SYNAQ experienced a major incident on May 26, 2022 affecting SYNAQ Cloud Mail, lasting 1h 45m. The incident has been resolved; the full update timeline is below.
Affected components
Update timeline
- investigating May 26, 2022, 06:03 AM UTC
Dear SYNAQ Client, We are experiencing an authentication issue on the SYNAQ Cloud Mail platform. We apologise for this inconvenience. Our engineers are looking into the problem and should have us back to normal in the shortest time possible! Sincerely, SYNAQ Technical Team
- identified May 26, 2022, 06:39 AM UTC
Dear Clients, Our engineers have identified the SYNAQ Cloud Mail incident and are working on a resolution. We will send our next update in 30 minutes and the ETA for resolution will be 45 minutes.
- identified May 26, 2022, 07:08 AM UTC
Dear Clients, Our engineers are still working on the resolution of the SYNAQ Cloud Mail Incident. This is being treated as a matter of urgency. We will send our next update in 30 minutes and we are still on track for the ETA for resolution in 10 minutes.
- monitoring May 26, 2022, 07:29 AM UTC
Dear Clients, Our engineers have implemented a fix for the SYNAQ Cloud Mail incident and are monitoring the service stability.
- resolved May 26, 2022, 07:49 AM UTC
Dear Clients, The SYNAQ Cloud Mail service is restored. We apologise once again for any inconvenience caused.
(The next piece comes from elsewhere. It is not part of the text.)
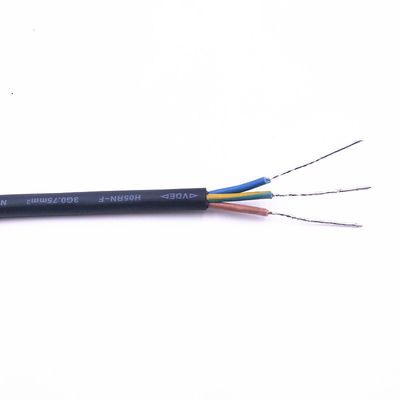 3X0.75mm2 cable flexible forrado de goma del cable H05RN-F EPR CSP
Sincerely, SYNAQ Technical Team
- postmortem Jun 03, 2022, 12:47 PM UTC
# Post Mortem Report The purpose of this post-mortem is to detail the investigations and subsequent findings of the impact of Cloud Mail incident of May 26 2022. ## **Background** * On Zimbra, we perform regular proactive maintenance on our LDAP servers. * This involves reloading of the LDAP Databases on all masters and replica servers using a backup of one of the master databases. * This is done quarterly to maintain optimal performance of the LDAP service. * This process has been performed over the last 3 years in conjunction with our vendor without issue. **On Wednesday 25th May 2022:** * An LDAP maintenance change was performed on the evening of the 25th at 20:00. * A SYNAQ Engineer was working with our vendor engineer for this change and a miscommunication occurred between them, which resulted in the incorrect backup being applied \(it was a legacy backup from January 18 2022\), instead of current backup taken from a master that evening. **On Thursday 26th May 2022: Authentication Failures Experienced** * \[07:00am\]: We received reports of a subset of clients that were experiencing authentication issues \(i.e. could not login to their mailbox\). * Our engineers investigated the issue and we uncovered that we were working on incorrect version of the LDAP database * \[8:03am – 9:31am\]: SYNAQ engineers took the LDAP system down for the purposes of restoring the most current version of the backups to all LDAP servers and this reloading to approximately 90 minutes. * Authentication services were restored at 09:31 AM. ## Remedial Actions **Immediate – 0-3 months:** * Improve and verify standard operating procedure for LDAP optimisation process with additional test cases. * Build an additional monitoring alert that allows us to detect anomalous changes in expected data found in LDAP after a reload process is performed. **Long term: 6 – 12 months:** * Zimbra 9 – LDAP fixes and improvements.